# Modules 

In [1]:
import atd2020
import numpy as np
import math
import multiprocessing  
import random
import pandas as pd
import data_prep
import read_data
import modeling
from functools import partial
from sklearn.gaussian_process.kernels import (RBF,Matern,RationalQuadratic,ExpSineSquared,ConstantKernel)

# Read the data

In [2]:
data, data_obs = read_data.load_in_data()

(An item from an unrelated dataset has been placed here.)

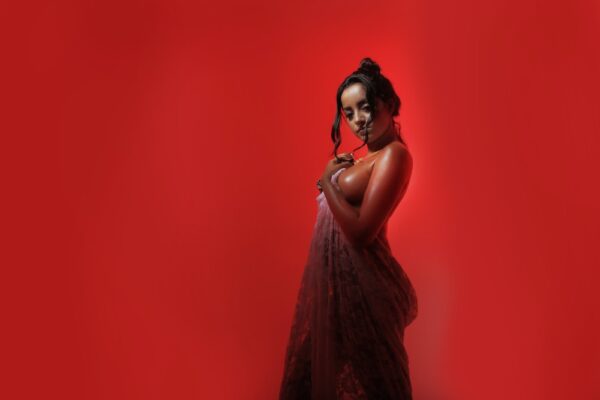 如何打造時尚穿搭風格:關鍵提示與建議 4 photo 1580486507512 deda82970c10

Accessing data file from /Users/qinghe/Documents/project/atd2021/atd2021/data/City4_all.parquet.brotli.


In [3]:
# Detrend the data to make it stationary (constant mean and variance)
data_detrended = atd2020.detrend.detrend(data)
groups_detrended = data_detrended.groupby(["ID", "Weekday", "Hour"])
data_obs_detrended = atd2020.detrend.detrend(data_obs)
groups_obs_detrended = data_obs_detrended.groupby(["ID", "Weekday", "Hour"])

# Standardize the data

In [4]:
# normalize the data first
def standardize_self2(df, ycol="TotalFlow"):
    y = df[ycol]
    m = np.mean(y)
    std = np.std(y)
    df["TotalFlow_norm"] = (y - m) / std
    return df

In [5]:
def normalize_ID_Hour_Wkdcat(data):
    Weekdays_lst = ["Monday", "Tuesday", "Wednesday", "Thursday", "Friday"]
    data_copy = data.copy()
    data_copy["Weekday_cat"] = np.where(data_copy.Weekday.isin(Weekdays_lst), 'wkd_c1', 'wkd_c2')
    data_norm = data_copy.groupby(["ID","Weekday_cat","Hour"]).apply(standardize_self2)
    data_norm.rename(
        columns={"TotalFlow": "TotalFlow_detrended", "TotalFlow_norm": "TotalFlow"},
        inplace=True,
    )
    return data_norm


In [6]:
data_obs_detrended_norm = normalize_ID_Hour_Wkdcat(data_obs_detrended)
data_detrended_norm = normalize_ID_Hour_Wkdcat(data_detrended)

In [8]:
# define the kernels
kernels = [1.0 * RBF(length_scale=1.0, length_scale_bounds=(1e-1, 10.0)),
           1.0* RationalQuadratic(length_scale=1.0,alpha=0.1,length_scale_bounds=(0.01, 10.0),alpha_bounds=(0.01, 10),),
           1.0* ExpSineSquared(length_scale=1.0,periodicity=3.0,length_scale_bounds=(0.01, 100.0),periodicity_bounds=(1.0, 100.0),),
            1.0 * Matern(length_scale=1.0, length_scale_bounds=(1e-1, 10.0), nu=1.5),
]

# Run the model

In [9]:

def get_fraction_slice(fraction_groups, fraction):
    fraction_groups_lst = list(fraction_groups.groups)
    res = []
    for i in fraction_groups_lst:
        if i[3] == fraction:
            res.append(i[0:3])
    return res
def train_val_test(seed, train_size, validation_size, slice_list):
    # sample the training, validation, and test dataset
    random.seed(seed)
    training = random.sample(slice_list, train_size)
    temp = [elem for elem in slice_list if not elem in training]
    validation = random.sample(temp, validation_size)
    # test = random.sample(temp2, test_size)
    return training, validation

In [11]:
def final_model(data, data_obs, n_IDs, p_training, p_validation, kernel, cutoff):
    random.seed(1234)
    # random select IDs from 0 to 399
    sampled_IDs = random.sample(range(400), n_IDs)
    # print(sampled_IDs)
    ################################################### Data prep ###################################################
    # combine the data parallelly on IDs
    if __name__ == "__main__":
        pool = multiprocessing.Pool(processes=multiprocessing.cpu_count()-3) # change the # of cpu here
        temp = pool.map(partial(data_prep.data_prep_comb, data_obs_for_combine=data_obs, comb_hours=False, comb_wkd=True,hour_bef_aft=True),sampled_IDs)
        pool.close()
    # save the combined data as data_obs_new
    data_obs_new = pd.DataFrame(columns=["ID", "Date", "Hour", "TotalFlow"])
    for i in temp:
        data_obs_new = pd.concat([data_obs_new, i])
    data_obs_new["Weekday"] = [i.strftime("%A") for i in data_obs_new.Date]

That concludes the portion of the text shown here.